Let $R$ be an arbitrary ring, with $M$ and $N$ being $R$-modules.
If I have an element:
$$x := \Sigma_{i=1}^k r_i \mu_i \otimes n_i \in M^* \otimes N$$
such that:
$$\Sigma_{i=1}^k r_i \mu_i(m) \space n_i \in N$$
is zero for all $m \in M$, does this imply that $x = 0$?
No, not necessarily.
As an example, take $R=\mathbb{Z}/4\mathbb{Z}$ and consider the $R$-modules $M=N:=2R$. Then $M^*\simeq M$ and thus $M^*\otimes_R N\simeq M$ again (which is all straightforward to check directly). In particular, the element $x=\iota\otimes 2$ (where $\iota:M\hookrightarrow R$ is the inclusion) is non zero. But for any $m\in M$ we nonetheless have $$\iota(m)\times 2=2m\in 4R=0,$$ so that all evalutations vanish.
Edit: Here is an example with $R$ an integral domain: Let $R=\mathbb{Z}[X]$ and consider the ideal $J=(2,X)$. We let $M=J$ and $N=R/J$. I first claim that $J^*\simeq R$ and that every functional is of the form $$\phi_r:J\to R, j\mapsto rj.$$ Indeed, suppose that $\phi:J\to R$ is $R$-linear. Then we must have $$\phi(2X)=2\phi(X)=X\phi(2).$$ Since both 2 and $X$ are prime in $R$, we must have $\phi(X)=Xr$ and $\phi(2)=2s$ for some $s,r\in R$. But then immediately $2Xr=2Xs$, so that $r=s$ and $\phi(j)=rj$ for each $j$ by linearity.

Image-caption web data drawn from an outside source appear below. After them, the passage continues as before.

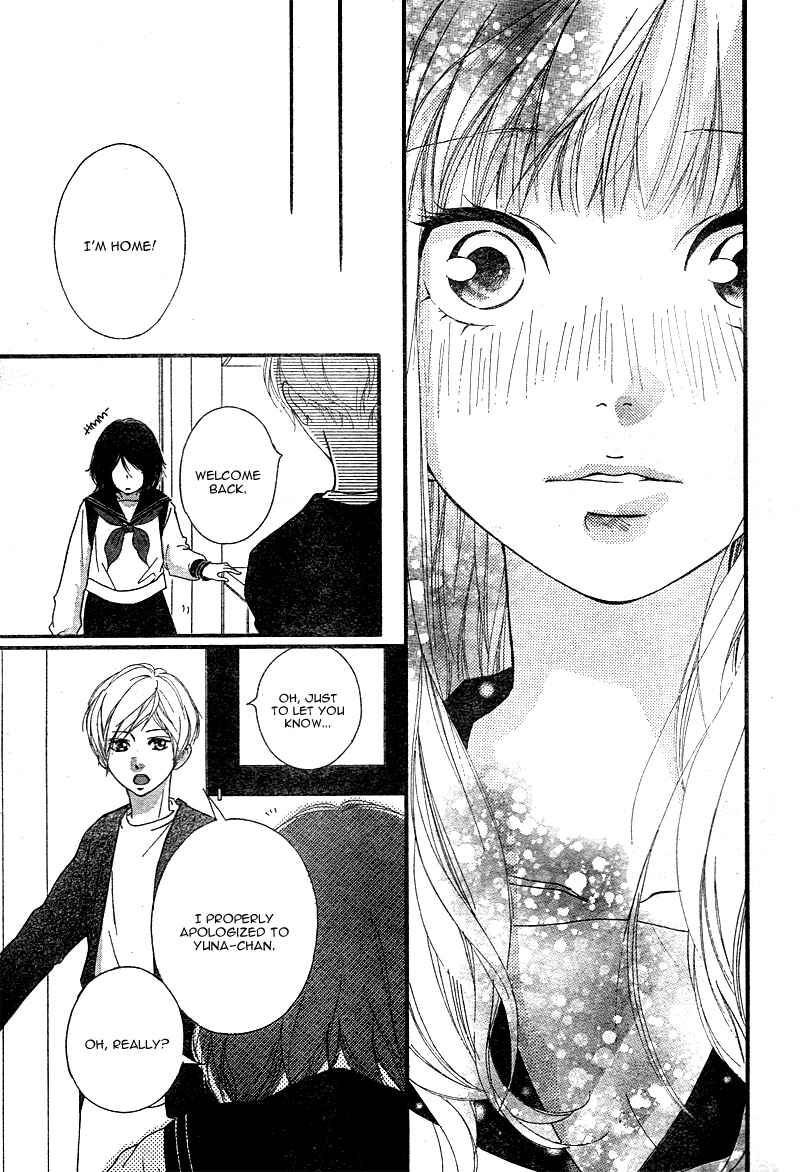 Page 41 Chapter 2 Love Me, Love Me Not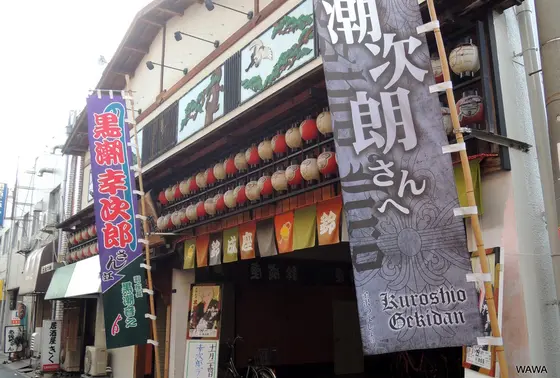 鈴成座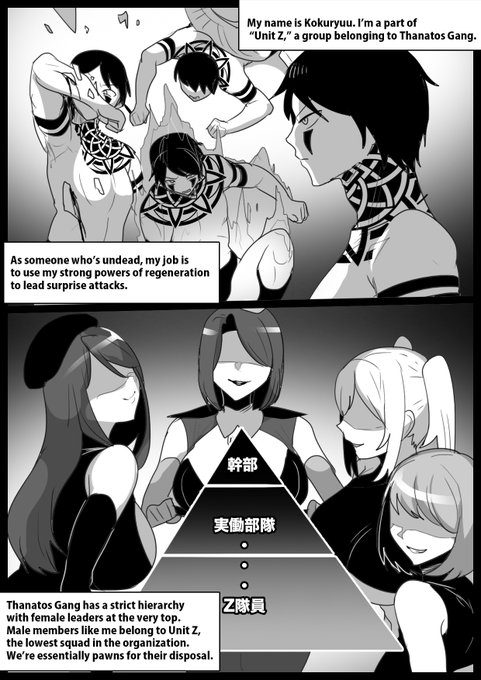 【Advert】Spin-off work of Thanatos Girls: https://t.co/lk29tJRdkn 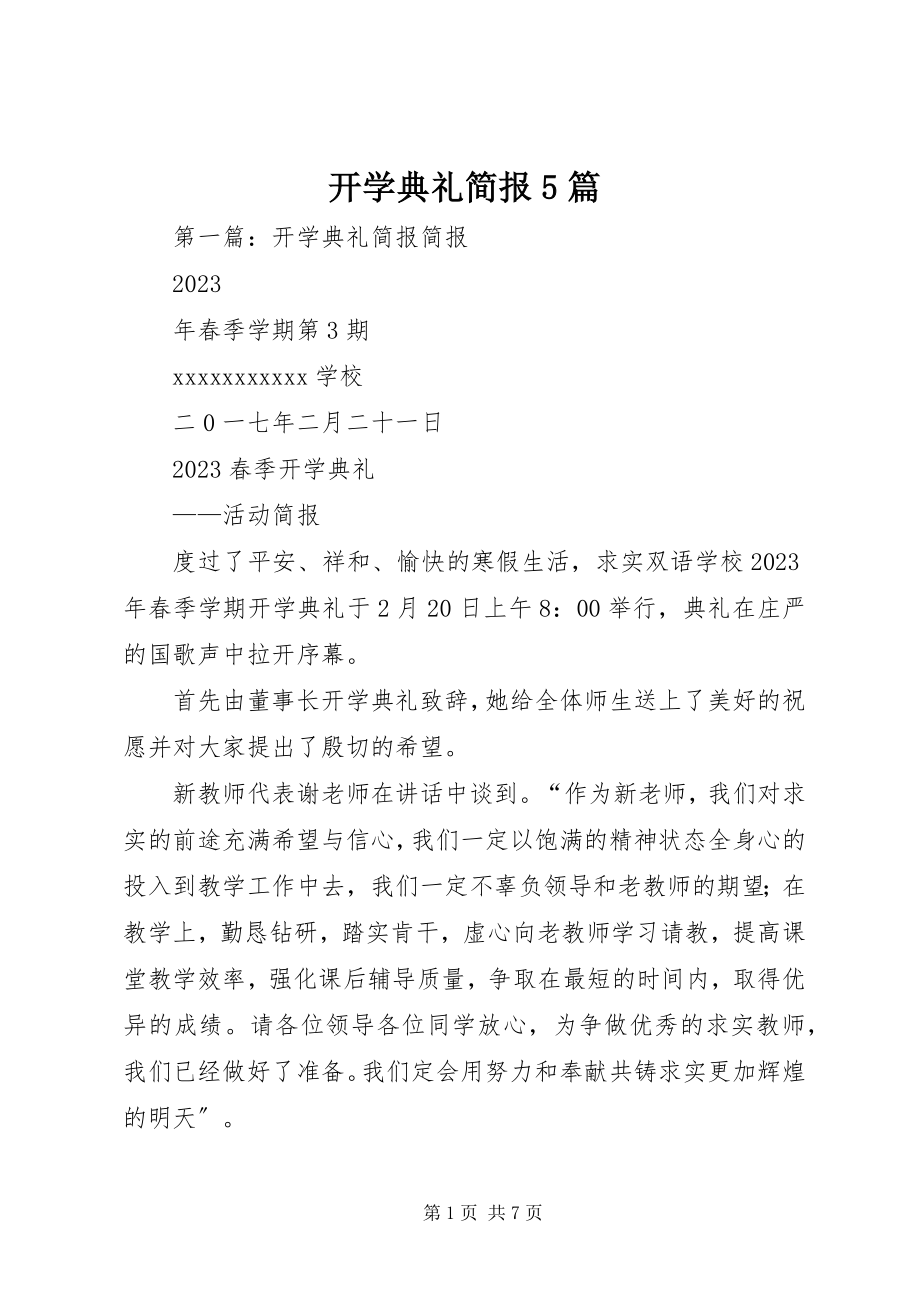 2023年开学典礼简报5篇.docx_第1页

In particular we have $$J^*\otimes N\simeq R\otimes N=N,$$ which is non zero. But from the above, the image of every functional is contained in $J$, from which it follows that every tensor evaluates to zero, since $$\phi\otimes n(j)=\phi(j)n\in JN=0.$$
Hence, this phenomenon is not tied to zero divisors. I do suspect that the answer might change for $R$ a Dedekind domain (since this type of argument falls apart when every ideal is invertible), but I have not checked this.